N’attendez pas les hausses de taux
Le taux prescrit utilisé pour ce type de prêt est fixé trimestriellement par l’Agence du revenu du Canada. Il correspond grosso modo au taux des bons du Trésor de trois mois du gouvernement du Canada qui ont été vendus le premier mois du trimestre précédent. Ce taux étant arrondi, il ne peut être plus bas que 1 %. Bien que vous n’ayez pas à retenir la méthode de calcul pour le déterminer, nous pouvons ensemble poser l’hypothèse qu’avec les hausses de taux directeurs attendues cette année de la Banque du Canada, nous arriverons un jour à une hausse du taux prescrit à 2 %. Si ce n’est pas en 2022, ce sera en 2023.

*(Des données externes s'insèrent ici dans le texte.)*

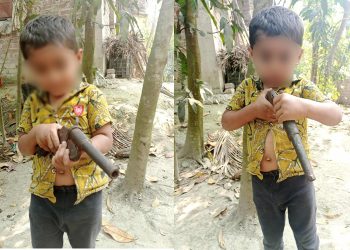 আসল বন্দুক নিয়ে খেলছে শিশু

Étant donné que le taux utilisé pour le prêt demeure celui qui était en vigueur au moment du prêt, les contribuables dont le revenu imposable est très élevé auraient ainsi intérêt à envisager cette stratégie avec leurs conseillers financiers et fiscaux avant que le taux prescrit ne soit fixé à 2 % par les autorités fiscales.

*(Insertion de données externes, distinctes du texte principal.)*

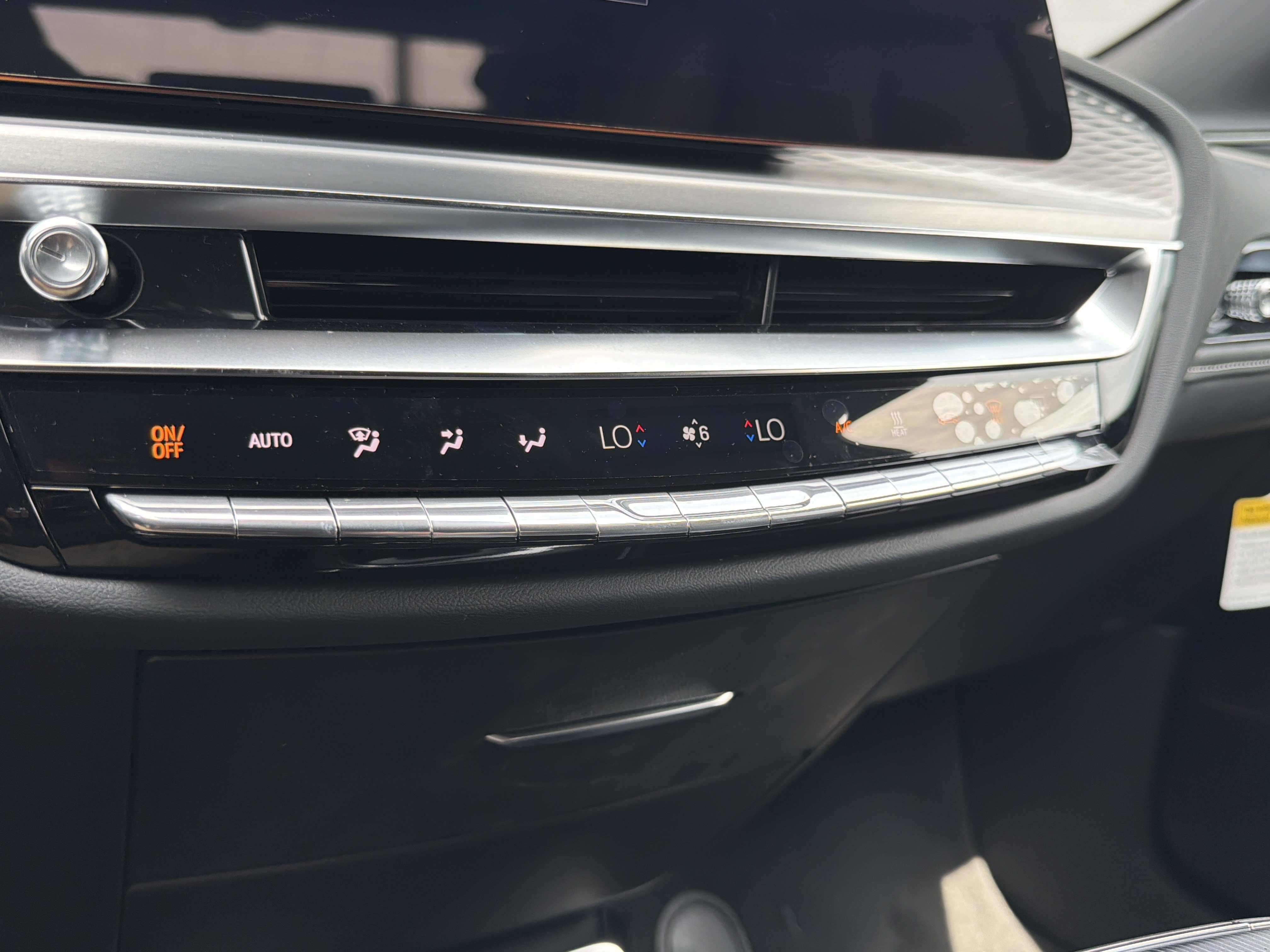 New 2026 Cadillac Lyriq Luxury RWD image 25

Deux impératifs à connaître sur cette stratégie
Si vous avez déjà utilisé le prêt à un taux prescrit dans le passé, il est important de vous rappeler que l’emprunteur doit absolument vous payer les intérêts chaque année au plus tard dans les 30 jours suivant la fin de l’année. Cette règle est obligatoire afin d’assurer le fractionnement du revenu. Il ne s’agit pas d’ajouter les intérêts au solde du prêt, mais bien d’effectuer un paiement avec preuve (chèque ou virement) à l’appui. Le fait de ne pas se soumettre à cette règle aurait pour conséquence que les règles d’attribution s’appliqueraient pour l’année du paiement oublié et toutes les années subséquentes.
Enfin, si vous avez utilisé le prêt au taux prescrit avant le troisième trimestre de 2020, le taux à utiliser est toujours de 2 %. Il faut éviter la tentation de rembourser le prêt au taux de 2 % et de refaire l’exercice au taux plus bas actuel, puisque disposer de vos placements entraînerait des conséquences financières (gain en capital imposable, commissions à payer après les rachats des
titres, etc.). De plus, le seul fait de modifier le taux prescrit pour un taux plus bas vous exposerait à l’application des règles d’attribution par les autorités fiscales.
Pour toutes ces raisons, les prochains trimestres pourraient représenter une occasion intéressante de mettre en place cette stratégie pour les ménages aux revenus imposables élevés ou dont l’écart entre les revenus est très important. N’oubliez pas que, pour réaliser celle-ci, il vous faut des conseils financiers, fiscaux et juridiques personnalisés.